Anche da questo punto di vista il bibliotecario è l'uomo giusto per il compito giusto, perchè da sempre abituato a trattare l'informazione tagliandola (sia a livello di reference che di indicizzazione) per i propri utenti e non per altri. Anzi, proprio quando si dimentica questo fondamentale aspetto della professione il bibliotecario rischia di scivolare in altre figure professionali (ad esempio quando cataloga come se stesse realizzando una bibliografia o quando scrive una guida alla biblioteca come se si trattasse di un saggio storico). Il buon bibliotecario cataloga e fa reference service[22] per il suo pubblico, e non per un pubblico astratto indifferenziato, esattamente come dovrebbe fare un buon insegnante o un buon negoziante e diversamente da come possono fare la grande distribuzione e l'educazione di massa e molti degli altri soggetti concorrenti per il ruolo di filtro informativo.

Ma il bibliotecario è anche bibliografo (c'è chi direbbe soprattutto bibliografo) e sa che il mondo documentario non finisce con le mura della propria, sempre piccola, biblioteca. Già il bibliotecario "cartaceo" per catalogare e fornire informazioni utilizza il proprio catalogo ma anche bibliografie, repertori e cataloghi altrui, e il bibliotecario virtuale, il cybrarian, prosegue ancora più speditamente su questa via.

Ecco che allora solo il bibliotecario assomma tutte le caratteristiche indispensabili per candidarsi autorevolmente come figura centrale di riferimento per quel compito di organizzazione dell'informazione elettronica reticolare che può comunque ricevere contributi importanti (e possibilmente collaborativi) anche da altri soggetti professionali, e che il luogo fisico e logico in cui il bibliotecario opera - la biblioteca - può essere il luogo privilegiato in cui si saldano piccola e grande distribuzione informativa, microcosmo e macrocosmo bibliografico, localizzazione e globalizzazione documentaria, rete civica e Internet.

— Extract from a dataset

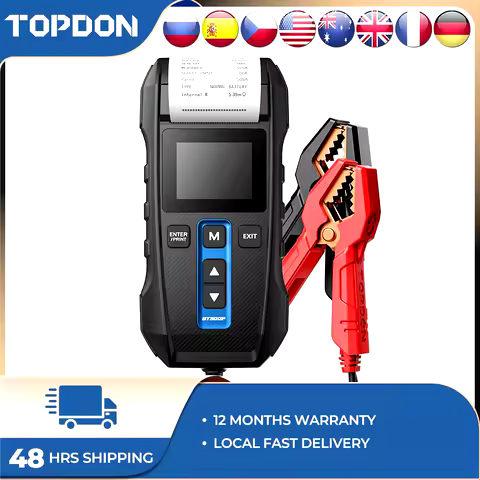 TOPDON BT300P Battery Tester with Printer 12V Car Battery Load Test for Motorcycle Auto Charging Cra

La scholar workstation o il poste de lecture assistée par ordinateur dello studioso che dal personal multimediale messogli a disposizione in biblioteca potrà rintracciare, manipolare, riorganizzare dati provenienti da fonti elettroniche locali e remote per integrarle nel proprio lavoro, che potrà essere ultimato, stampato e distribuito elettronicamente senza doversi mai alzare dalla sedia, sarà un importante risultato, ancora però lontano in biblioteche dove gli utenti (e talvolta lo staff) fanno la coda davanti ai pochi terminali in bianco e nero disponibili, talvolta perfino privi di stampante. E' importante arrivare, ma lo è anche l'ordine delle tappe.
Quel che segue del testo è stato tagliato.